Before Rook, she’d always been afraid of thunder-storms. They reminded her of the guns and bombs from her childhood in the former Soviet Union. Thunderstorms had frightened her. But ever since she’d married Rook, she’d learned to love them.
He liked to lie in bed with the windows open, summer or winter, spring shower or gale-force winds, and watch the lightning and listen to the sounds of rain and thunder.
For her, lying in his arms, safe and secure in the knowledge that he would never let anything happen to her, was the ultimate definition of safety.
But he’d left her alone—alone with the storms and the memories and the unrelenting grief.
She swiped her fingers under her eyes and set the tea bag aside. Then she wrapped her hands around the warm mug and sipped, sighing as the hot liquid slid down her throat to soothe her insides.
She closed her eyes. She’d spent the past two years living in a nightmare. Every night, she’d prayed she would wake up and find Rook beside her, safe and sound. Every morning, she’d woken with her prayer unanswered.
Now he was here, but she still didn’t feel like her prayers had been answered.
This felt like the nightmare. The months of sleepless nights, of the recurring dream of loving him and then losing him, had become her reality.
Thunder rumbled again, closer this time. Irina’s eyes flew open. A lightning flash illuminated the dense woods on the east side of the cabin and a deafening clap of thunder made her nearly spill her tea.
Then something moved—a shadow darker than the trees.
She froze, holding her breath as the thunder continued to roar. She waited for the next flash of lightning. It didn’t take long.
The flare spotlighted a creature slinking along the edge of the woods. No. Not a creature. Not some thing.
Someone. And he was carrying a gun.
Chapter Three
Irina’s breath caught. There was someone outside the cabin, and he was carrying a weapon—maybe a rifle.
Setting down her mug, she moved swiftly toward the living room.
Rook and Deke were still arguing.
“—surprised he hasn’t tried to get to Rina before now,” Rook was saying.
“Son of a—That’s what I’m trying to tell you. He has.” Deke’s voice rose. “You don’t get it. The level of security I’ve got around her—she might as well be the First Lady. I told you I’d take care of her!”

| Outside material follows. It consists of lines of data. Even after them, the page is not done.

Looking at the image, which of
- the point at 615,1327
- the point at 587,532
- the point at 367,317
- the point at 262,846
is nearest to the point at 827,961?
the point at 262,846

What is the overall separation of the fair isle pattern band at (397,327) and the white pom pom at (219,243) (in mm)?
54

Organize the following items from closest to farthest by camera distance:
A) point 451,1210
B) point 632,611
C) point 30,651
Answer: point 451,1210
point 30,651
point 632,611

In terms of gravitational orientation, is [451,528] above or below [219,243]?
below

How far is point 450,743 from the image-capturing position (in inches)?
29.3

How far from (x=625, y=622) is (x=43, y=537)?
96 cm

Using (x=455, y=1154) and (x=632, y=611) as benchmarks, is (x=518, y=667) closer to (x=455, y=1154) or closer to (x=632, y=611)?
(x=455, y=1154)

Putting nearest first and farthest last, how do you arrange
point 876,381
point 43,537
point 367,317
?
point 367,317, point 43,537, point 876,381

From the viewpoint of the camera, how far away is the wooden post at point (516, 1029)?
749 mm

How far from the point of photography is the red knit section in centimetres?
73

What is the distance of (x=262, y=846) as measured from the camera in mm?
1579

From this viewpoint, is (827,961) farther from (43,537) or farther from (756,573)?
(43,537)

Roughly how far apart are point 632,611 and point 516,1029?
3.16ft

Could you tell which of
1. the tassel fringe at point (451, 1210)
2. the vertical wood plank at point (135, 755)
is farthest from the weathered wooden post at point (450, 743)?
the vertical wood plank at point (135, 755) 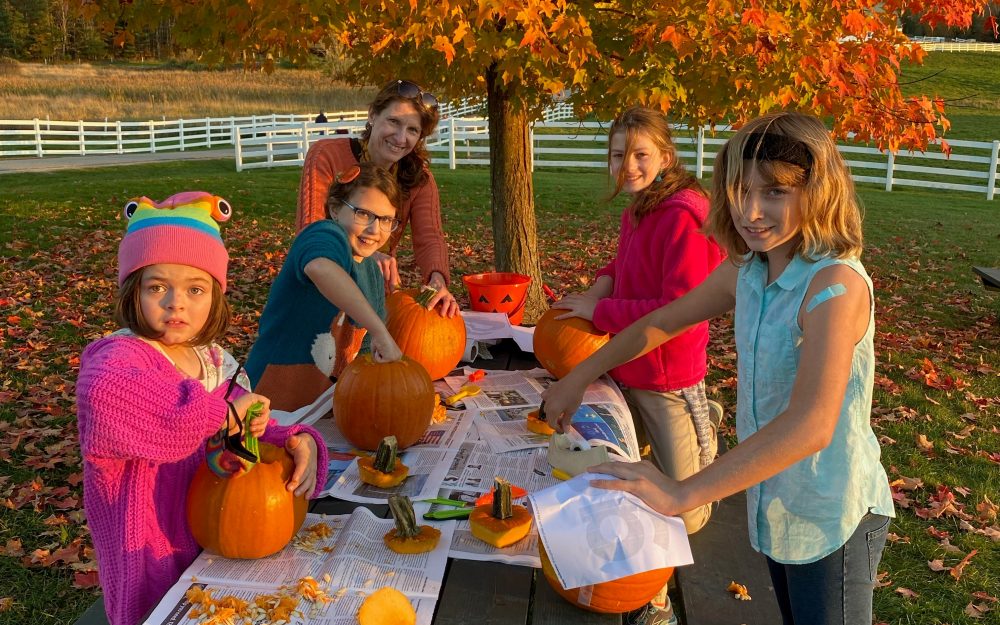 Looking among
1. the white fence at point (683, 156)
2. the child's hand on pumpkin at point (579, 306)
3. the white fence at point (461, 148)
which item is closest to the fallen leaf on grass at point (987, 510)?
A: the child's hand on pumpkin at point (579, 306)

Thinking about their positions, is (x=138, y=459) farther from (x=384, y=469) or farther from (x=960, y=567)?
(x=960, y=567)

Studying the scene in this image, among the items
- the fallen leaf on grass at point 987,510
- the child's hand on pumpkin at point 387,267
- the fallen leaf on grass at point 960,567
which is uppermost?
the child's hand on pumpkin at point 387,267

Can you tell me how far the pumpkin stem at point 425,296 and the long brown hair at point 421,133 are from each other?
57 cm

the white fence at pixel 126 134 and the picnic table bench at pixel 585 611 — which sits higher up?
the white fence at pixel 126 134

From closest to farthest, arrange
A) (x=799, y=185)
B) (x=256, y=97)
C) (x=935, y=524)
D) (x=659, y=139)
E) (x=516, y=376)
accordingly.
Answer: (x=799, y=185) → (x=659, y=139) → (x=516, y=376) → (x=935, y=524) → (x=256, y=97)

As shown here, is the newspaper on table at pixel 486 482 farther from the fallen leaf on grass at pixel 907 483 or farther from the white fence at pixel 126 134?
the white fence at pixel 126 134

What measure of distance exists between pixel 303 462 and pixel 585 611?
81cm

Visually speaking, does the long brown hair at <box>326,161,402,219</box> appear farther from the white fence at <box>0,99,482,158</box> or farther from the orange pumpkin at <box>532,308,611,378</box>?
the white fence at <box>0,99,482,158</box>

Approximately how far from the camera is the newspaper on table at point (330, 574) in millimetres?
1725

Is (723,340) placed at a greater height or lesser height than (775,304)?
lesser

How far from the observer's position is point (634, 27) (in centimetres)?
461

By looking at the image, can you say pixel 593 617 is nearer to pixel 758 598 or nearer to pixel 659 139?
pixel 758 598

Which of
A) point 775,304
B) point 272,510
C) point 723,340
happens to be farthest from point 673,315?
point 723,340

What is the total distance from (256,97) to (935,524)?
34.7 metres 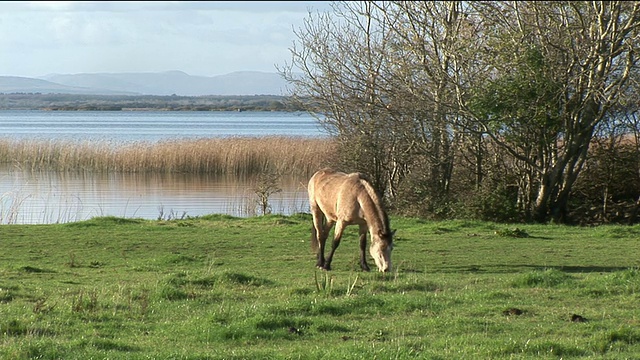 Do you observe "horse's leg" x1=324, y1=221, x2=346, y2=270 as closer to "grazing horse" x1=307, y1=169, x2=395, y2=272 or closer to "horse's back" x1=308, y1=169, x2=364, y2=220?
"grazing horse" x1=307, y1=169, x2=395, y2=272

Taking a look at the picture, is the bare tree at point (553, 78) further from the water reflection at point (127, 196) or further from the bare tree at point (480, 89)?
the water reflection at point (127, 196)

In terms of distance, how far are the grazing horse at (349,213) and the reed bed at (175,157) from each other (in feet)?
57.2

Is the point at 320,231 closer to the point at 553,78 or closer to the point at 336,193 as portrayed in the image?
the point at 336,193

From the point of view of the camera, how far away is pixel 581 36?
17.6 m

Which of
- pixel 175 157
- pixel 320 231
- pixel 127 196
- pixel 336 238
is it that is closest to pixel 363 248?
pixel 336 238

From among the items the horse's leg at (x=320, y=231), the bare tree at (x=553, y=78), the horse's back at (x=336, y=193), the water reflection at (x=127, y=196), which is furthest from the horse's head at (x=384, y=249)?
the water reflection at (x=127, y=196)

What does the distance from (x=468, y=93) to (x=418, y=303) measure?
1005cm

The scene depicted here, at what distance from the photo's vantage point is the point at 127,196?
27328mm

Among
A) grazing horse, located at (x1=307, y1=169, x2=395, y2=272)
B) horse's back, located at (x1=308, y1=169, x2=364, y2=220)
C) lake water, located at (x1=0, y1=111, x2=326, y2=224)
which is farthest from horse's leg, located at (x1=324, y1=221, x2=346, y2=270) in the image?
lake water, located at (x1=0, y1=111, x2=326, y2=224)

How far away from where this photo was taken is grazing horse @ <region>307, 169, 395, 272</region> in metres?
11.8

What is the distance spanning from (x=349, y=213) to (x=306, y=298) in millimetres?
3142

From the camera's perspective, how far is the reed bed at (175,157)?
106 ft

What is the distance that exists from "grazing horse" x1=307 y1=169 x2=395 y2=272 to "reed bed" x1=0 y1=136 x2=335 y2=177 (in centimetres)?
1743

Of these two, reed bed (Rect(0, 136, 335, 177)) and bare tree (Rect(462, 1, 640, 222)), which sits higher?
bare tree (Rect(462, 1, 640, 222))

“Of course I get it. That’s not what I’m saying.”
“It’s only been two weeks since she called off the search. Fifteen days! And he’s already managed to send a man after Matt and put a plan into place to kidnap Mindy. That’s why I knew I had to call you. He was obviously watching Matt. He knew the instant Irina called him. Hell, he knew before she got in touch with Matt. I’m thinking Novus knew she was calling off the search as soon as we did.”